Histograms

A histogram is a table used to tally the frequency of data. Each data value is mapped to a bin. The histogram itself is just a vector of real numbers labeled by the categories, the bin index. The Histogram<T> class represents a histogram where the generic type argument defines the type of the bins. For categorical data, there is one bin for every category. The type of the bins is the same as the data. For continuous variables (real or date/time), the bins are defined by intervals. The bins are of type Interval<T>, and the bin index is of type IntervalIndex<T>.

Constructing histograms

There are two basic ways to create a histogram: you can create an empty histogram ready to receive data to tally, or you can create a histogram from a data source that has the data tallied.

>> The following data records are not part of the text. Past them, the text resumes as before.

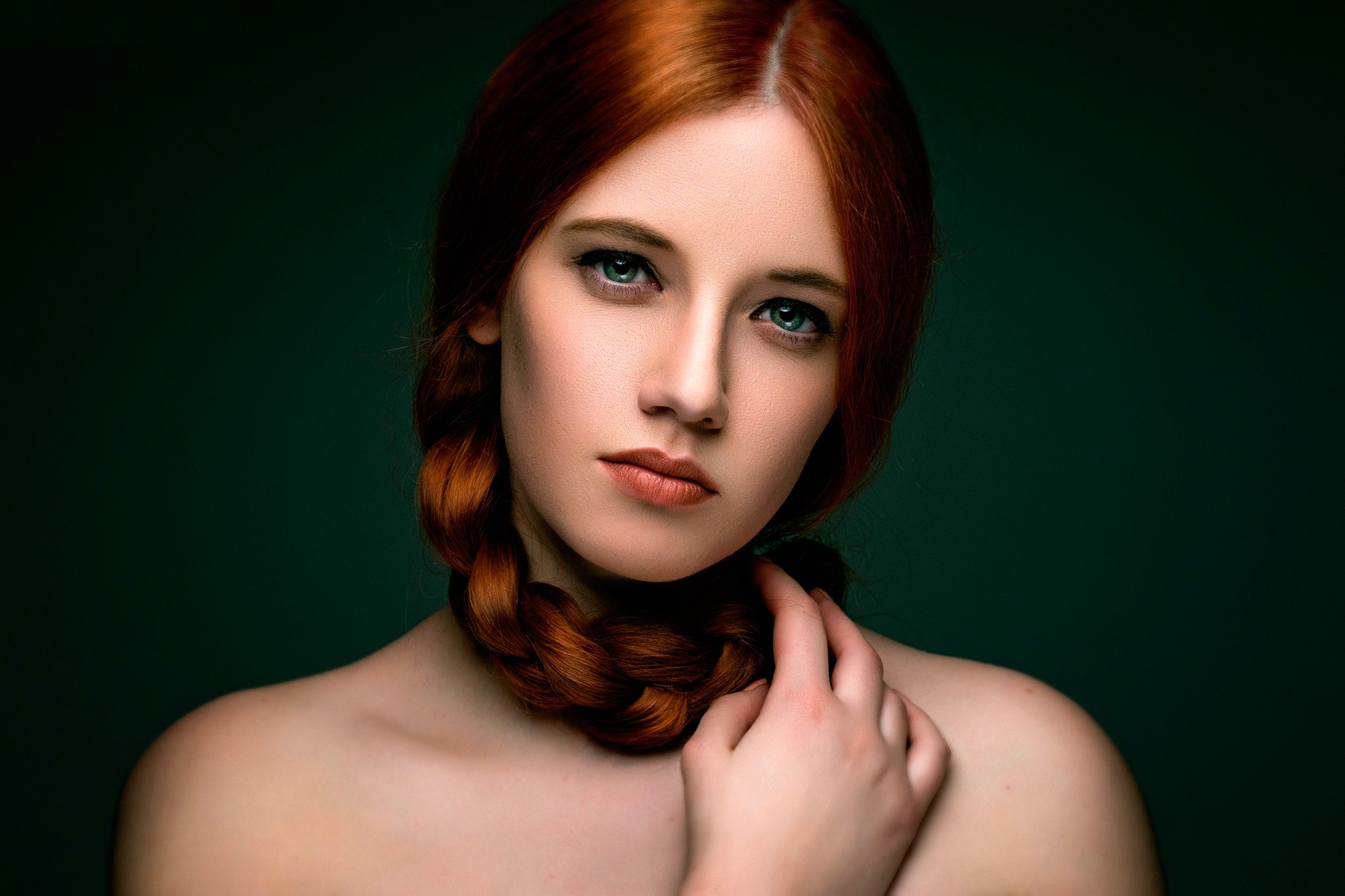 Portrait of a redhead woman with a braid HD Wallpaper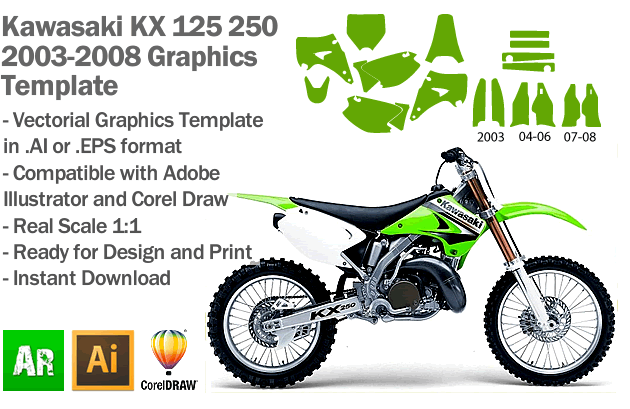 Kawasaki KX 125 250 MX Motocross 2003 2004 2005 2006 2007 2008 Graphics Kawasaki KX 125 250 MX Motocross 2003 2004 2005 2006 2007 2008 Graphics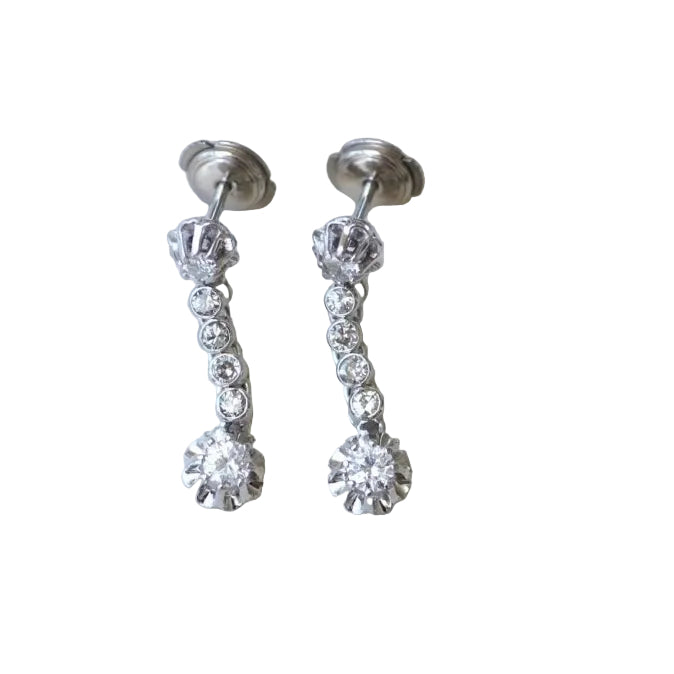 Boucles d'oreilles Art Déco diamants - Castafiore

Constructing empty histograms

Empty histograms are created using one of the overloads of the Histogram.CreateEmpty method. This method has three overloads. The first two can be used for continuous data. The third overload can be used for both continuous and categorical data.

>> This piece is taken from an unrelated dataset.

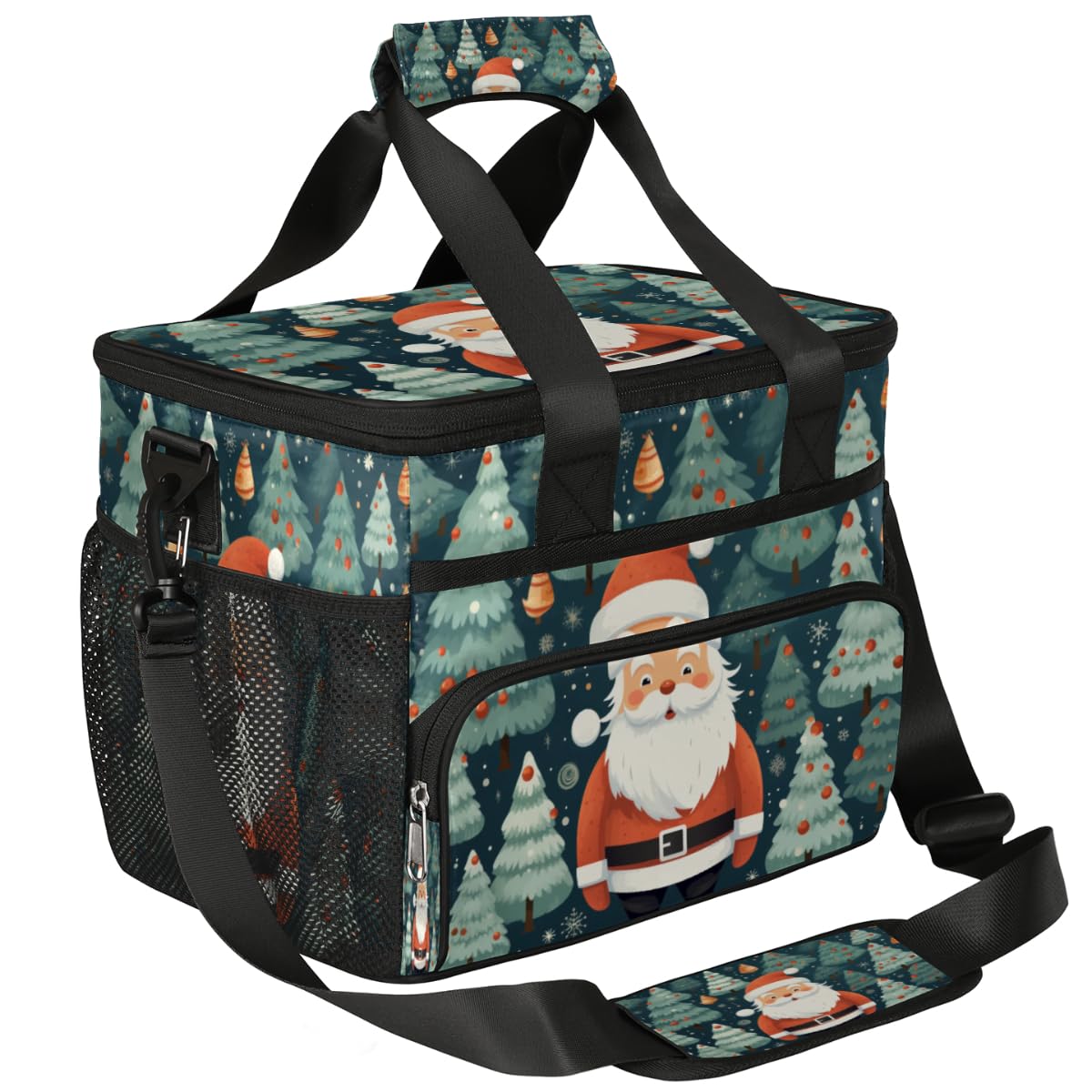 Insulated Picnic Backpack Lunch Box for Women Men Picnic Basket Tote Lunch Bag Picnic Bag Portable Lunch Bags for Picnic, Beach, Work, Trip,Office, Camp Santa Claus Pine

The first overload takes one or two arguments. The first is a list of boundaries for the bins. The optional second argument is a SpecialBins value that specifies whether to create bins for values smaller than the lowest bound or larger than the highest bound. The following table lists the possible values:

Values of the SpecialBins enumeration

Name

Description

None

No special bins are included.

BelowMinimum

There is a special bin for values below the scale's minimum value.

AboveMaximum

There is a special bin for values above the scale's maximum value.

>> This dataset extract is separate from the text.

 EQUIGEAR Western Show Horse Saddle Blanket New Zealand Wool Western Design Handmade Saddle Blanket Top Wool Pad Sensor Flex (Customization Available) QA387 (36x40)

If the BelowMinimum bin is included, this bin is the first bin in the collection. If the AboveMaximum bin is included, it is the last bin in the collection. The following creates two empty histograms. The second has a bin for values smaller than 50:

C#
double[] bounds = new double[] { 50, 62, 74, 88, 100 };
var histogram1 = Histogram.CreateEmpty(bounds);
var histogram2 = Histogram.CreateEmpty(bounds, SpecialBins.BelowMinimum);

The second overload takes three arguments. The first two are the lower bound of the lowest bin, and the upper bound of the highest bin. The third argument is the total number of bins. This creates an empty histogram with the specified number of bins that are all equal in width. An optional fourth argument is once again a SpecialBins value that indicates which special values should be tabulated in addition to those within the specified interval. The code below creates a histogram with five bins for values between 50 and 100:

C#
var histogram3 = Histogram.CreateEmpty(50.0, 100.0, 5);
var bins = new IntervalIndex<double>(50.0, 100.0, 5);
var histogram4 = Histogram.CreateEmpty(bins);

The third overload takes 1 argument: the Index<T> that contains the labels for the bins. This constructor is suitable for categorical data as well as continuous data when the supplied index is a previously created IntervalIndex<T>

C#
var index = Index.Create(new[] { "High", "Medium", "Low" });
var histogram5 = Histogram.CreateEmpty(index);

Constructing histograms from data

The Histogram class defines an extension method, CreateHistogram that transforms the data in a vector into a histogram. This method has many overloads which mirror to some degree the overloads of the CreateEmpty<T>(Index<T>) method.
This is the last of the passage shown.